An "li_codebook" object, consisting of a tibble summarizing the passed dataset and attributes containing additional metadata. The tibble includes columns:

  • name: variable name

  • form: form name

  • type: column containing simplified variable type

  • class: optional column containing class(es) of each variable

  • label_stem: optional column containing variable label stems, if any variables are specified in .split_var_labels

  • label: variable label

  • values: values, with labels if applicable

  • user_missing: optional column showing user missing values, with labels if applicable. By default, this column is included only if user missings are specified for at least one variable. This behavior can be changed using the user_missing_col argument to cb_create_options().

  • missing: proportion missing

  • additional columns if specified in ...

Checkbox data handling

Value labels

Data from REDCap checkboxes yields one variable in the dataset for each response option. By default, these will be labelled generically with "Yes" or "No". For example, consider a checkbox group with options "In the past year," "More than a year ago," and "Never," corresponding to variables chk_var1___0, chk_var1___1, and chk_var1___2. By default, all of these will be given the same value labels:

  • chk_var1___0, chk_var1___1, chk_var1___2: 0 = "No"; 1 = "Yes". This behavior can be changed by setting checkbox_resp_values = TRUE in cb_create_options(). In this case, response-specific labels from metadata will be used, so that each variable will have unique labels:

  • chk_var1___0: 0 = "Not selected," 1 = "In the past year"

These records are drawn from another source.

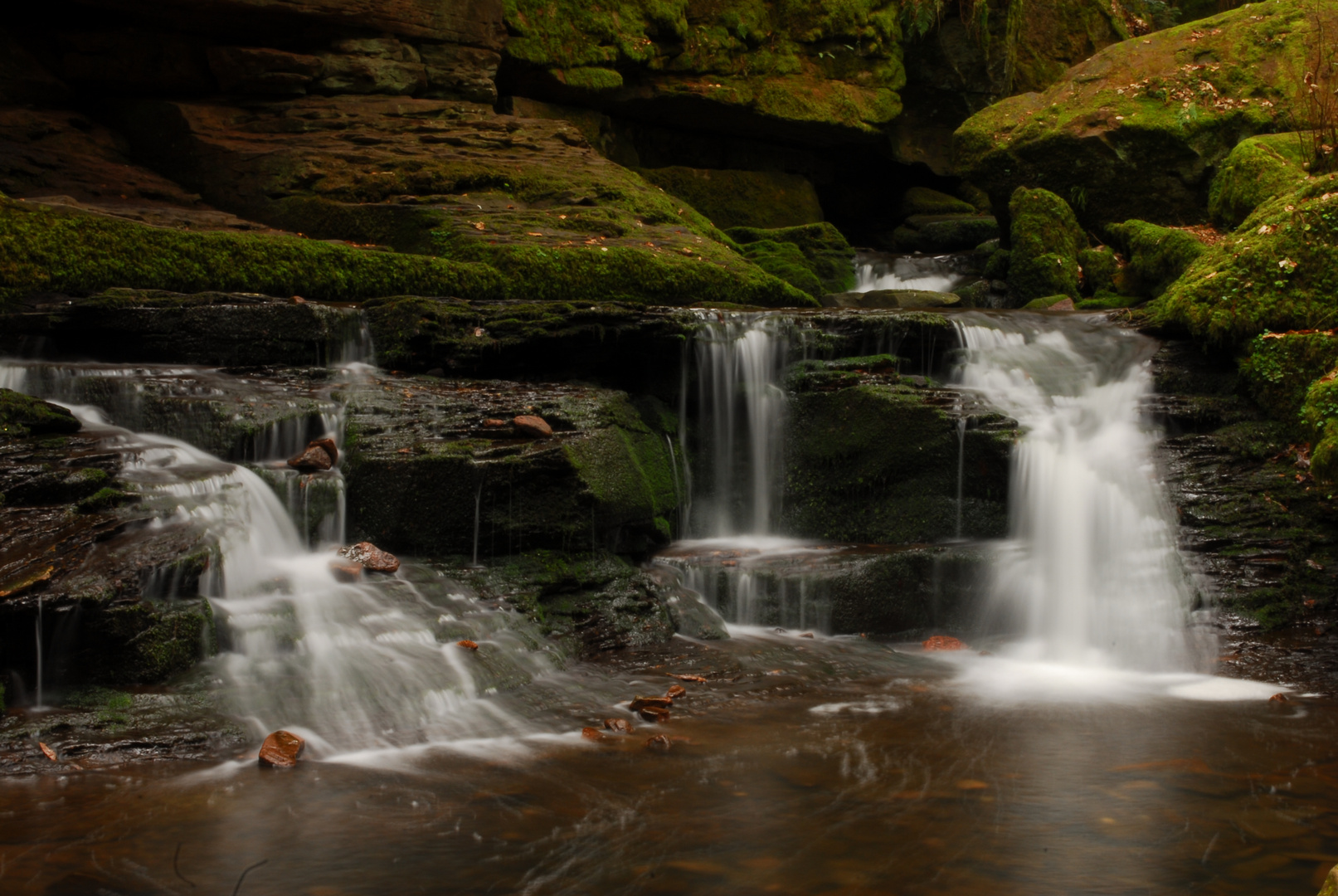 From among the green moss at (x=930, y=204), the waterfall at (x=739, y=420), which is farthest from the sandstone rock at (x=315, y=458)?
the green moss at (x=930, y=204)

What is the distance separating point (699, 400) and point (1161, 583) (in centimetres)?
389

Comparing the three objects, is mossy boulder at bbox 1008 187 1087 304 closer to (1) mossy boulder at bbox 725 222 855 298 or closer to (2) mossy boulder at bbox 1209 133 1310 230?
(2) mossy boulder at bbox 1209 133 1310 230

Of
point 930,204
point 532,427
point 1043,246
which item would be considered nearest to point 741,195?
point 930,204

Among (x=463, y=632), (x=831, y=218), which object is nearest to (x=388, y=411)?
(x=463, y=632)

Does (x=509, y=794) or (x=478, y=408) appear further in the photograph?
(x=478, y=408)

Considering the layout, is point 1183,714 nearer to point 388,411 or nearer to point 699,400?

  • chk_var1___1: 0 = "Not selected," 1 = "More than a year ago"

  • chk_var1___2: 0 = "Not selected," 0 = "Never"

Missing value propagation

By default, missing values in a checkbox group will be propagated to all variables in the group. For example, consider a checkbox group with options "Pregnant," "Not pregnant," and "Not applicable," corresponding to variables chk_preg_0___0, chk_preg_0___1, and chk_preg_0____9, and assuming that -9 is specified as a user missing value. By default, chk_preg_0___0 and chk_preg_0___1 will be set to -9 if chk_preg_0____9 is 1. This behavior can be overridden by setting propagate_checkbox_missings = FALSE in cb_create_options(), in which case no values will be changed.